Abdullah Al-Yaari

Personal information
- Nationality: Yemeni
- Born: 5 July 2003 (age 22)

Sport
- Country: Yemen
- Sport: Athletics
- Event: Middle-distance running

Achievements and titles
- Personal best: 800 m: NR 1:48.00 (2023)

= Abdullah Al-Yaari =

Yemeni middle-distance runner

Abdullah Al-Yaari (عبدالله محمد عبدالله اليعري; born 5 July 2003) is a Yemeni sprinter who specializes in the 800 metres.

==Biography==

Al-Yaari comes from Dhamar Governorate. He became the first Yemeni athlete to ever advance from the qualification round of an international competition when he qualified for the semi-finals of the 800 metres at the 2021 World Under-20 Championships in Nairobi, Kenya.

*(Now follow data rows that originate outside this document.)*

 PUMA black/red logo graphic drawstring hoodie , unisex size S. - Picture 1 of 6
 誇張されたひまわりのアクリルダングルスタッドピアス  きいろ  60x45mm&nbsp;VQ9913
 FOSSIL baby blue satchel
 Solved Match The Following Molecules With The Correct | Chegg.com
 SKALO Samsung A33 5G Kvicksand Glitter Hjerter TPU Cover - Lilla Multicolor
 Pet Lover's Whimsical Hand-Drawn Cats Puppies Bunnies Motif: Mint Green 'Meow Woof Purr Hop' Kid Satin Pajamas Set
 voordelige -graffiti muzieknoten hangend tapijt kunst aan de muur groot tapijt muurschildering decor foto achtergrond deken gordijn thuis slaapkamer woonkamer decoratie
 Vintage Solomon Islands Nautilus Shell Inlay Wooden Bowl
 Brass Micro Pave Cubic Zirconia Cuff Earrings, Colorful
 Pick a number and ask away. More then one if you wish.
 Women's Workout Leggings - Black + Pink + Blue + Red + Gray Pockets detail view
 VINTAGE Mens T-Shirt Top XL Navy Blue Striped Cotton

In April 2023, Al-Yaari won the 800m gold medal at the West Asian Athletics Championships in Qatar, ahead of Oman's Hussain Mahmoud Al-Farsi and Qatar's Mubarak Rabi Mahmoud. The Yemeni ambassador to Qatar, Rajeh Badi, extended his congratulations to Al-Yaari for the win.

His personal best time is 1:48.00 minutes in the 800 metres, achieved at the 2023 Arab U23 Championships in Radès.